> Your instructions: From the line containing "Alberona nightstand in" through the last line below, copy every line exactly, leaving out the pictures.

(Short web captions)
:::
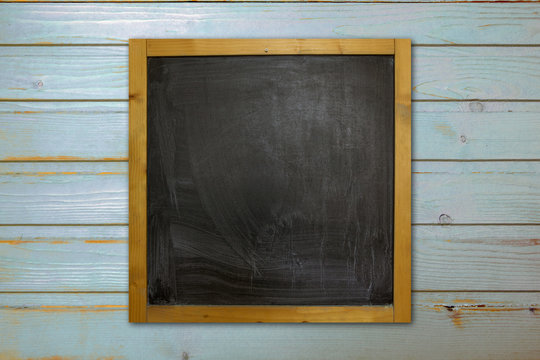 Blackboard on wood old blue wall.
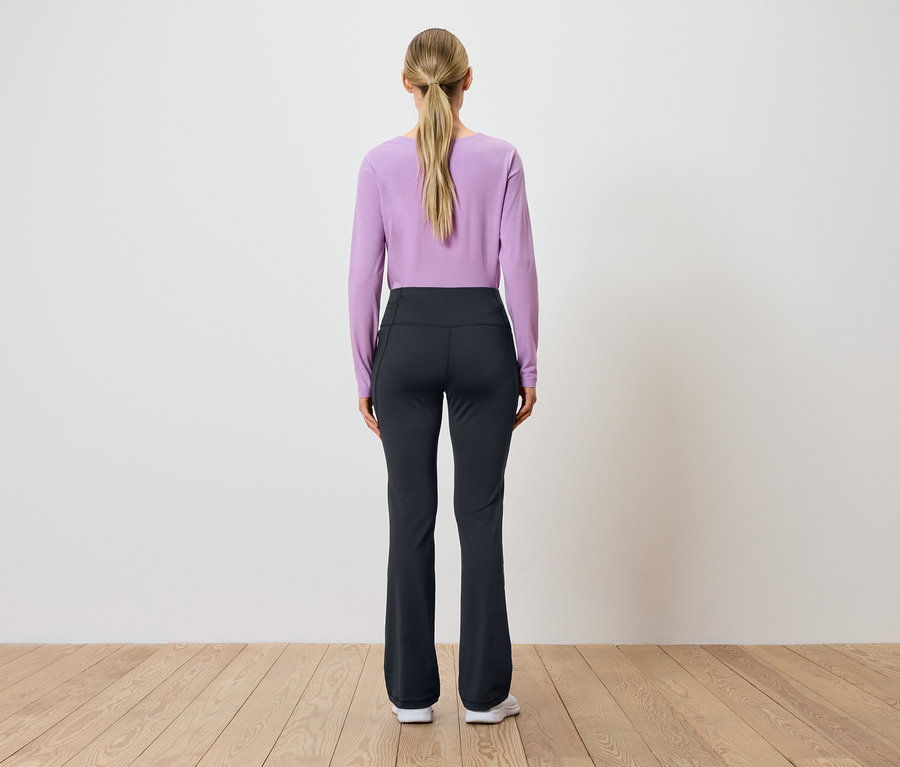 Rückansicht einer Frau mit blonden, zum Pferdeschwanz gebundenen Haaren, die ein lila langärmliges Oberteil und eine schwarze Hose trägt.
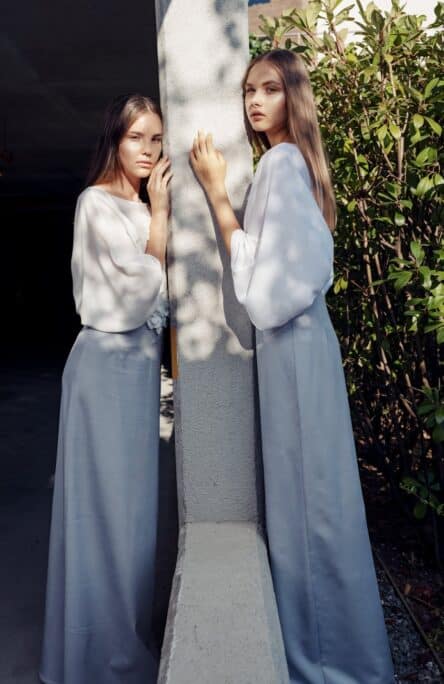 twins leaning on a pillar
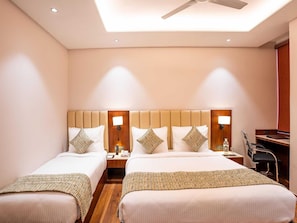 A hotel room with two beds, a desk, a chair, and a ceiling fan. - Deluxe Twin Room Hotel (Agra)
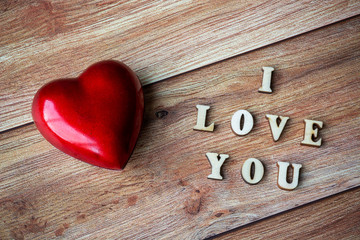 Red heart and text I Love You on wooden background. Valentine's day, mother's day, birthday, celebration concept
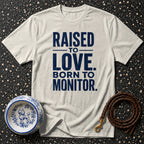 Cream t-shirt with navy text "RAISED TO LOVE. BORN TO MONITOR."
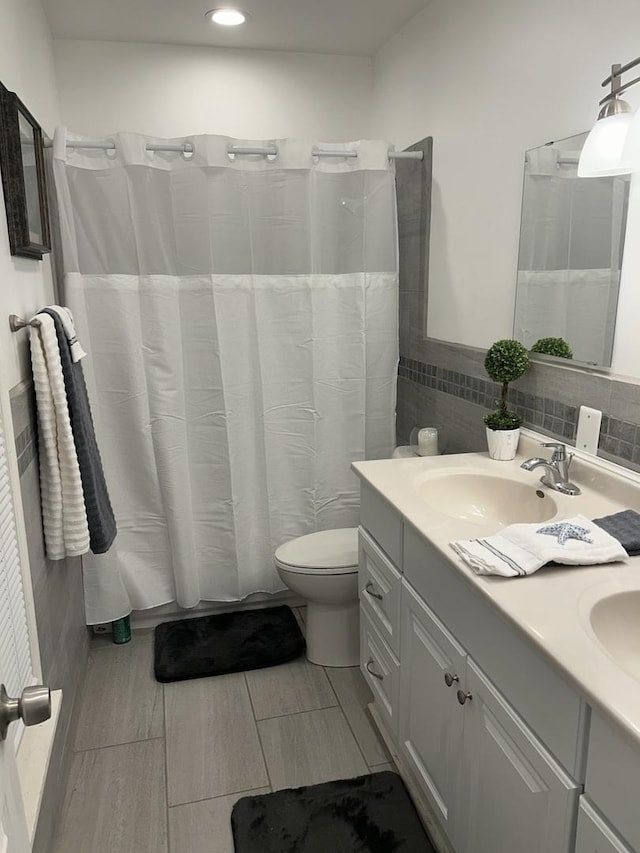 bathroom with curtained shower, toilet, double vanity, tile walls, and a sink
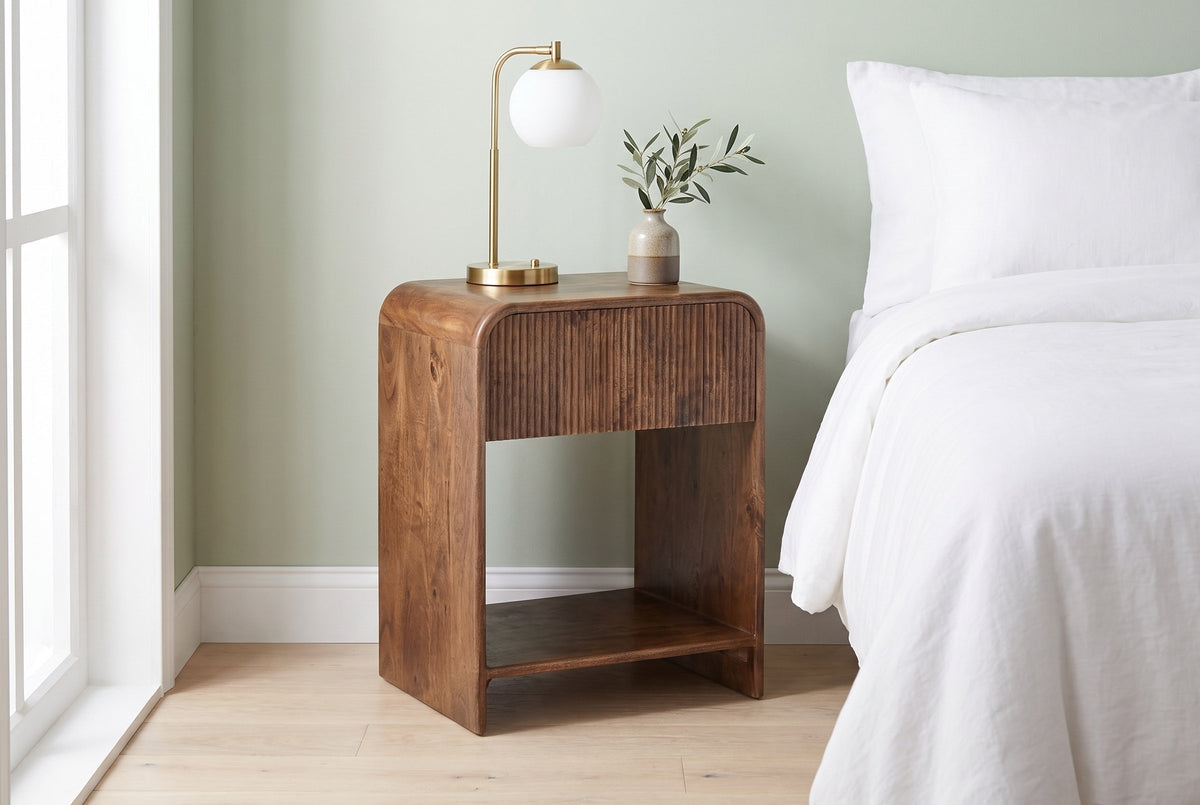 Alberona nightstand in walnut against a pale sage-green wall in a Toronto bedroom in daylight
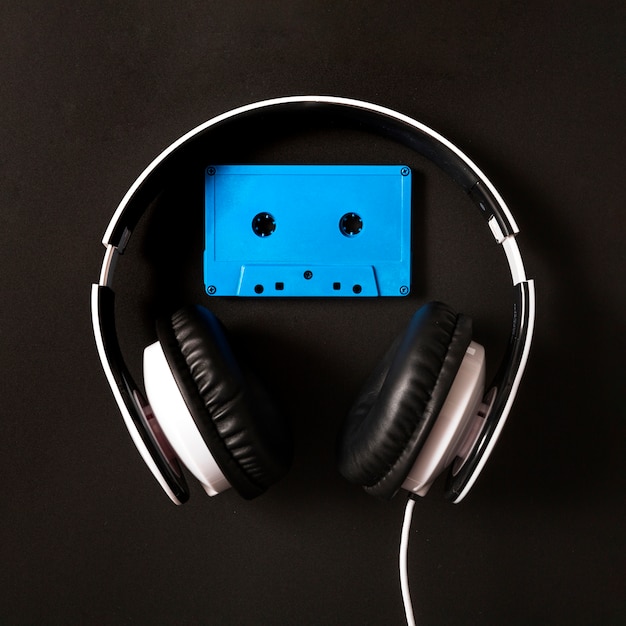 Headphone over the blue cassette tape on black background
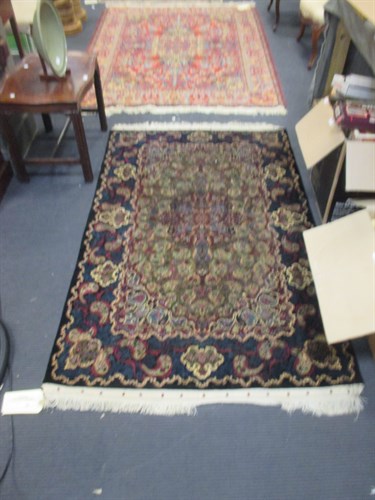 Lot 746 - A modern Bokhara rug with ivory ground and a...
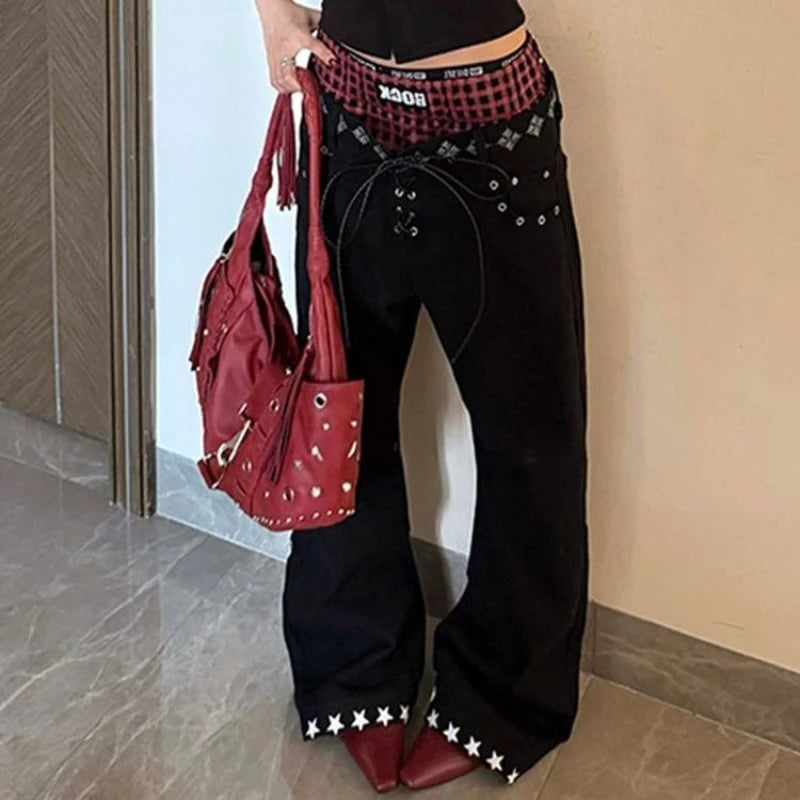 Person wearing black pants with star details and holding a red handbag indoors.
:::
> Expected answer:
 Alberona nightstand in walnut against a pale sage-green wall in a Toronto bedroom in daylight
 Headphone over the blue cassette tape on black background
 Lot 746 - A modern Bokhara rug with ivory ground and a...
 Person wearing black pants with star details and holding a red handbag indoors.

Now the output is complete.